Top of RECORDS PROVIDED

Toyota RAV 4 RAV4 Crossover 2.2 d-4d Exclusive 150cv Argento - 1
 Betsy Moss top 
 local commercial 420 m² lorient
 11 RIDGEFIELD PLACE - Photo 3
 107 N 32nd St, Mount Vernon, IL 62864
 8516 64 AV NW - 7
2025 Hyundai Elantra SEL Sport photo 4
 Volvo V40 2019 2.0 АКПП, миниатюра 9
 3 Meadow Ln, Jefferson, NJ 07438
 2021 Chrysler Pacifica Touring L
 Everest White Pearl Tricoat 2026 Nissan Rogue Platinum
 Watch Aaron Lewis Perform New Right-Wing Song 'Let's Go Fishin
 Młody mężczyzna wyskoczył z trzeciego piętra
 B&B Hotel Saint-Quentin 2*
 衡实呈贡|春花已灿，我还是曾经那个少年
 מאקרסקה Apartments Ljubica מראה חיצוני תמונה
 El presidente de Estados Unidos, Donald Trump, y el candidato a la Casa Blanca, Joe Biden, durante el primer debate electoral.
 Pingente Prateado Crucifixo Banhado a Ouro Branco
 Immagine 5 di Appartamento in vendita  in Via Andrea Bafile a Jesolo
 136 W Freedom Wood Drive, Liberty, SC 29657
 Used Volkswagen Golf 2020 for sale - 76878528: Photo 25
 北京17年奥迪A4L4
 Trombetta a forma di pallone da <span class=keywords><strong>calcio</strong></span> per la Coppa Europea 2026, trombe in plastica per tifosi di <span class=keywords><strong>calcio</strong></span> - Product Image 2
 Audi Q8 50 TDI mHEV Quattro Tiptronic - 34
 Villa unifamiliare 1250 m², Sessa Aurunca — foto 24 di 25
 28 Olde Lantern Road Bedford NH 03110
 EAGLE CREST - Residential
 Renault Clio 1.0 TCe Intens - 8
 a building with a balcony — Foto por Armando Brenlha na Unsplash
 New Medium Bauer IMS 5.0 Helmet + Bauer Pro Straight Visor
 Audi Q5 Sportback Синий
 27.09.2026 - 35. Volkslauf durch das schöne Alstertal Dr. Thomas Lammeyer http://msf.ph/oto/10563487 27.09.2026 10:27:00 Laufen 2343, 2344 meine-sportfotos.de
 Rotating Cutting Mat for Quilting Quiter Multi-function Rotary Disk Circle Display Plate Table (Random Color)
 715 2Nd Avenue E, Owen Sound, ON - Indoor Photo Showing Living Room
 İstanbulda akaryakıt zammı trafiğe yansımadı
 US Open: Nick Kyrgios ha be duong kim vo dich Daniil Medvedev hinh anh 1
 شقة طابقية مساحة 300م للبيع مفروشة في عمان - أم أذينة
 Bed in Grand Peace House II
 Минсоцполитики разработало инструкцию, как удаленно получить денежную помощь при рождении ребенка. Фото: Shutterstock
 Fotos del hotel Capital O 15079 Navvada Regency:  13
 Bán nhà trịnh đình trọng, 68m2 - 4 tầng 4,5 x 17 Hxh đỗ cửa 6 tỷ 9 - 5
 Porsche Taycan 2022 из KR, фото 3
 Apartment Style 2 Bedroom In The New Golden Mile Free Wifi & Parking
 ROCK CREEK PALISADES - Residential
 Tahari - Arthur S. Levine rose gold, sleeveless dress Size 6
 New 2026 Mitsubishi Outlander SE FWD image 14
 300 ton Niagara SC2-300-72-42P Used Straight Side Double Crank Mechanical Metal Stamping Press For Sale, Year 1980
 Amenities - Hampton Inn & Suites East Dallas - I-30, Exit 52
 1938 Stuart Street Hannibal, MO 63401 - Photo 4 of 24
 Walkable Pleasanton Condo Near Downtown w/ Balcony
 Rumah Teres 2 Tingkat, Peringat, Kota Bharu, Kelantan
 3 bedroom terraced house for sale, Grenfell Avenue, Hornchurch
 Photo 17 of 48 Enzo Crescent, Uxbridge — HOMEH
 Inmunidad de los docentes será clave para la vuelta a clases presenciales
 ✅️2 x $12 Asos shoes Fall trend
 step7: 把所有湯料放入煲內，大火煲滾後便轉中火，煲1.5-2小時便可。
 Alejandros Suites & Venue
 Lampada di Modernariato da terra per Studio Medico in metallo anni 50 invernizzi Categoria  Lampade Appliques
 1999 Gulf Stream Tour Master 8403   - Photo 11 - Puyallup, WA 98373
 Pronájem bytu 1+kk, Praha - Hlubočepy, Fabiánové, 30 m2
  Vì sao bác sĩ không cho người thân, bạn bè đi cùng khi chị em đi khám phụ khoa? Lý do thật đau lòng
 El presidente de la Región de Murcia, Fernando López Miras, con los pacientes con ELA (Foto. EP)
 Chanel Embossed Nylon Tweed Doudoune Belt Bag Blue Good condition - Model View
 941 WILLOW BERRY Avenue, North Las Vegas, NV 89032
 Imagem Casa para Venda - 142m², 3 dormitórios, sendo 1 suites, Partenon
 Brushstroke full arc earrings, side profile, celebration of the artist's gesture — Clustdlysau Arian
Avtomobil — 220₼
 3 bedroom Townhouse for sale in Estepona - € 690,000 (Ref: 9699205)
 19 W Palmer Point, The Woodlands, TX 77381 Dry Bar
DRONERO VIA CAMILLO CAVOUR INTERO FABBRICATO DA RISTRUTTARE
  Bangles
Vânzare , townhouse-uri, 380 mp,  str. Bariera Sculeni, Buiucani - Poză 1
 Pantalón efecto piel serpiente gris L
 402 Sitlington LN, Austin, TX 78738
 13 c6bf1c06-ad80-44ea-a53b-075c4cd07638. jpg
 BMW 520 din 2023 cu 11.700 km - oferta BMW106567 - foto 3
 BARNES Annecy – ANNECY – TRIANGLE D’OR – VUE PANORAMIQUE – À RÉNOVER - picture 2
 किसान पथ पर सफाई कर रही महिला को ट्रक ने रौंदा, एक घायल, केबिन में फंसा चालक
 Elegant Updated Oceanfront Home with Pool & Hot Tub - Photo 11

Bottom of RECORDS PROVIDED

• _GOAL OF THE EXERCISE_: Ending with the line containing "מאקרסקה Apartments Ljubica מראה חיצוני תמונה", please print exactly the lines of the material above from its first line onward, and nothing else.

• _TASK RESPONSE_:
Toyota RAV 4 RAV4 Crossover 2.2 d-4d Exclusive 150cv Argento - 1
 Betsy Moss top 
 local commercial 420 m² lorient
 11 RIDGEFIELD PLACE - Photo 3
 107 N 32nd St, Mount Vernon, IL 62864
 8516 64 AV NW - 7
2025 Hyundai Elantra SEL Sport photo 4
 Volvo V40 2019 2.0 АКПП, миниатюра 9
 3 Meadow Ln, Jefferson, NJ 07438
 2021 Chrysler Pacifica Touring L
 Everest White Pearl Tricoat 2026 Nissan Rogue Platinum
 Watch Aaron Lewis Perform New Right-Wing Song 'Let's Go Fishin
 Młody mężczyzna wyskoczył z trzeciego piętra
 B&B Hotel Saint-Quentin 2*
 衡实呈贡|春花已灿，我还是曾经那个少年
 מאקרסקה Apartments Ljubica מראה חיצוני תמונה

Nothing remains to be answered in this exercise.